Foreign-language novelists who have success in the American market tend to have one trait in common: a veneration of American pop culture. Stieg Larsson is fond of gangster films; Umberto Eco opines about comic books, “Starsky & Hutch” and pornography; Roberto Bolaño plumps for Mark Twain, David Lynch and “Easy Rider”; and Haruki Murakami drops the Lovin’ Spoonful, Cream, Duke Ellington, Herb Alpert, Burt Bacharach, J. D. Salinger, Raymond Carver and several thousand other proper nouns.
It would appear that Ryu Murakami has cracked the formula. Born in 1952, he is Haruki Murakami’s contemporary (though not kin), a child of the ’60s with an unabashed affection for American rock music, jazz and sitcoms. His autobiographical novel, “69,” is about a student uprising he led during high school inspired by the Beats, Eldridge Cleaver and the lyrics of Lou Reed.

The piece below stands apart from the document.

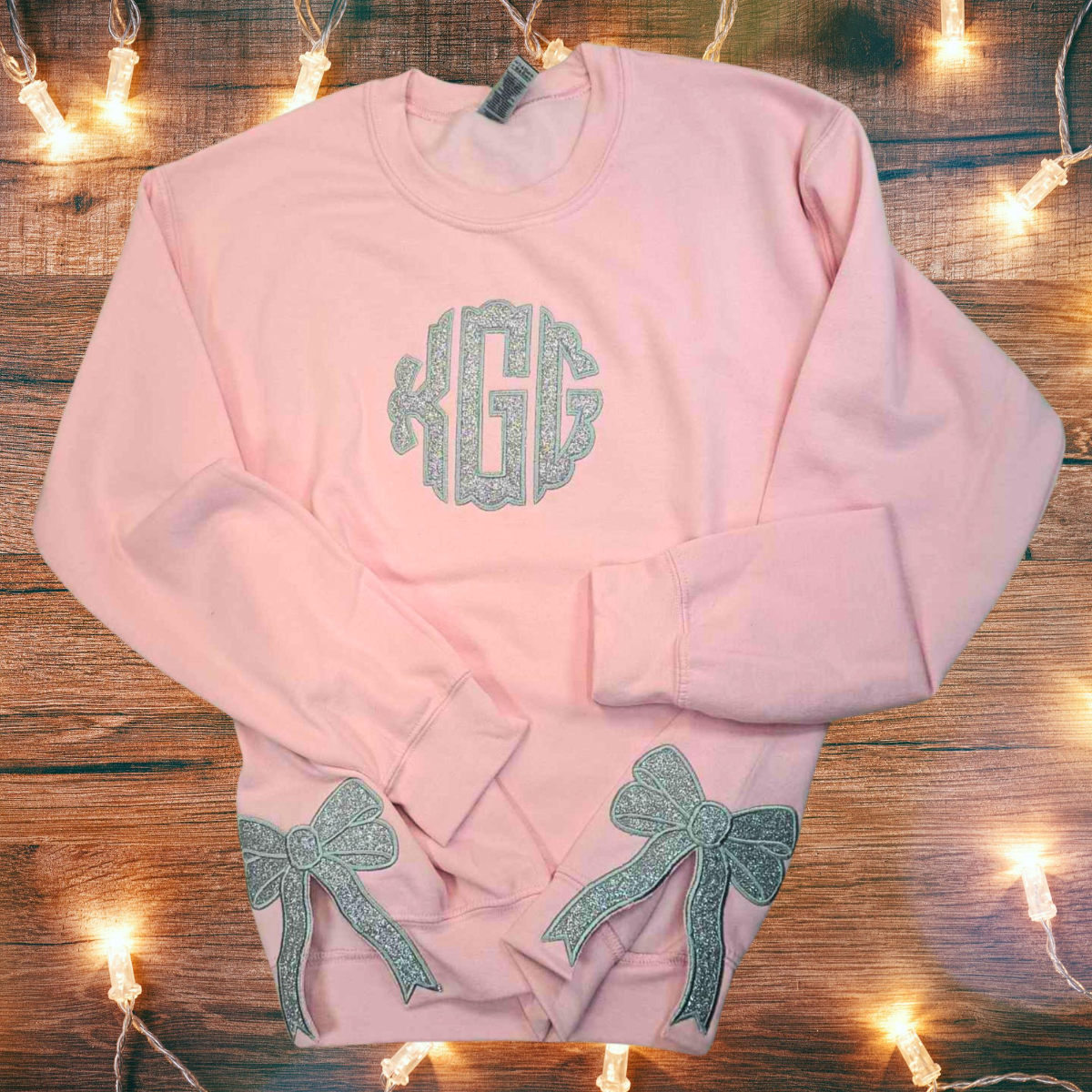 Custom Monogram Sweatshirt With Trendy Side Bow and Glitter, Gifts Coquette Bow, Side Slit Sweater, Side Bow Sweater Personalized, Bow Gifts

But the target of his rebellion was the United States naval base that occupied Sasebo, the western Japanese port city in which he grew up. And his first novel, “Almost Transparent Blue” (1976), which has sold more than two million copies in Japan, is about the violent, seedy underworld that panders to the desires of the occupying American soldiers.
Mr. Murakami left Sasebo and settled in Tokyo, but this theme carried over. The narrator of “In the Miso Soup” (1997) is a tourist handler in Tokyo’s red light district who can’t tell whether a peculiar client is a serial killer or simply a typical lonely American man. (As it turns out, he’s both.) These novels’ view of America, and Americans, is deeply conflicted; often the United States is portrayed as a blundering monster — not evil so much as dangerously ignorant.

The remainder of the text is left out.